A preoccupation with a vanishing, irrecoverable world runs through the work of many of the best-known writers of Vienna in the early twentieth century, e.g. Joseph Roth, Arthur Schnitzler, and especially Zweig. In the short story Buchmendel, Zweig laments the passing of the old-world literary café society of Vienna; in Chess, the result of the chess game is symbolic of the defeat of the old, gentlemanly order; and his last work, The World of Yesterday, nostalgically recalls the world of his parents' generation.

Scheyer, explicitly responding to Schnitzler, writes of Vienna as 'The reflection of a city that has since lost its own I'. Schnitzler's Vienna – that world of tradition and culture, of clear social orders and customs, of elegant love-affairs – is gone; it is a ‘disappearing dream, the resonance of a memory. Perhaps it will soon be no more than a barren word, an abstract concept without reference.’

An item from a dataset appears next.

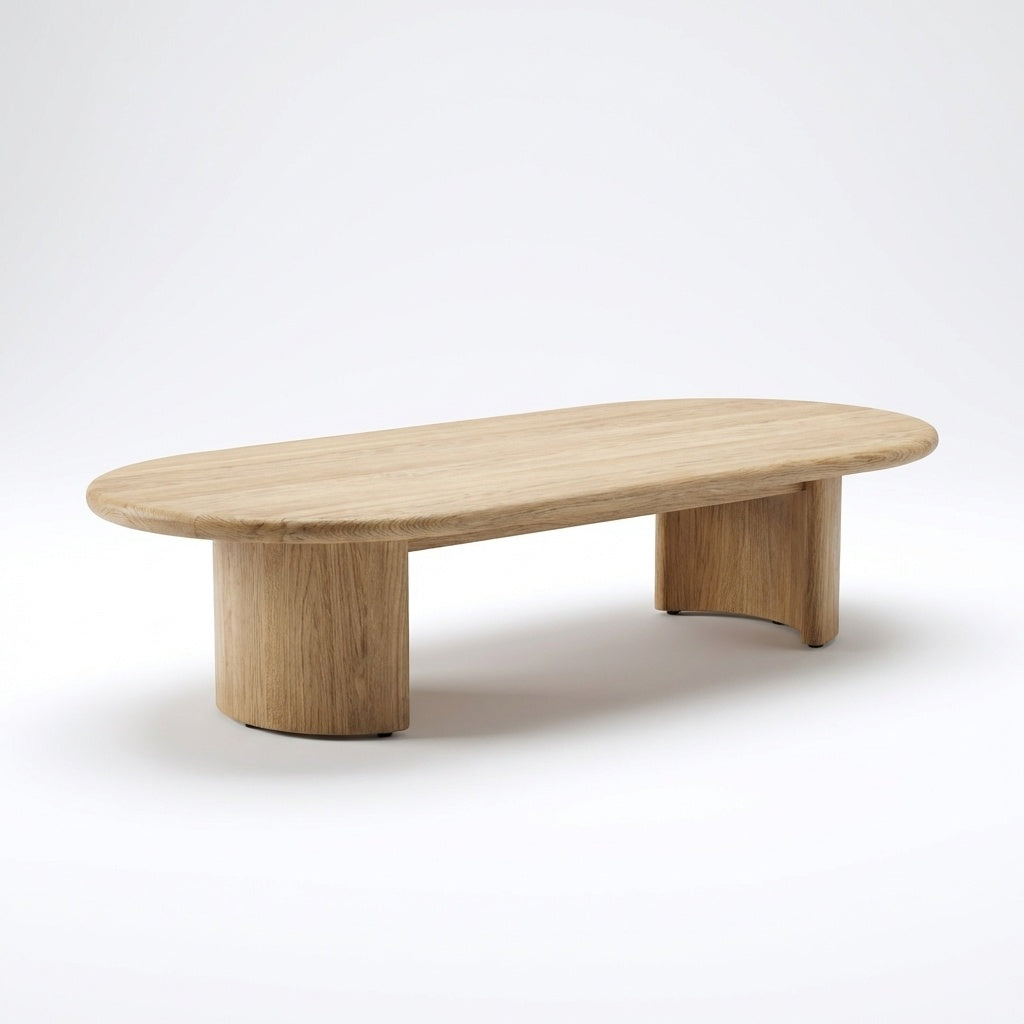 Altair Coffee Table Teak - Back View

Already in his first published book, Scheyer writes ‘... I have sought, again and again, to take refuge from the desolate reality of the last years in the only truth that still makes existence tolerable, opening wounds but at the same time healing them: memory.’ Nostalgia is the explicit theme of Scheyer's 1927 volume, Escape to Yesterday. Both quotations belong to specific historical contexts, the former looking back over the War years, the latter over those of the Depression. With still greater poignancy, Scheyer in Asylum talks of the lost innocence of the world of 1944, and of the past as seeming more real than the present.

The fascination with the 'great man' (and sometimes woman) of history is another preoccupation central to Scheyer's work, again one shared with Zweig. Zweig's most substantial published books are studies of historical figures: of Balzac, Dickens and Dostoevsky; of Casanova, Stendhal and Tolstoy; of Romain Rolland. Each of the above individuals was also the subject of a feuilleton by Scheyer – probably directly inspired by the previous Zweig publication. Scheyer's last two books consist largely of essays dramatizing the life-stories of such 'greats'; to the above names are added amongst others those of Baudelaire, Victor Hugo, Rembrandt, Verlaine and Wilde.

Music, particularly in the context of early-twentieth-century Vienna, played a pivotal role in forming Scheyer's world-view. Practitioners of classical music – especially opera – were popular and held in high intellectual esteem. Scheyer, though not himself a music critic, attended dress rehearsals at the Opera. In Asylum, he describes performers at the Vienna Opera in nostalgic and awed tones. His rediscovery of music while in hiding, via the radio, is depicted as a vivid, emotional experience in Asylum. He describes music as something that can return him to his past and take him outside his current reality.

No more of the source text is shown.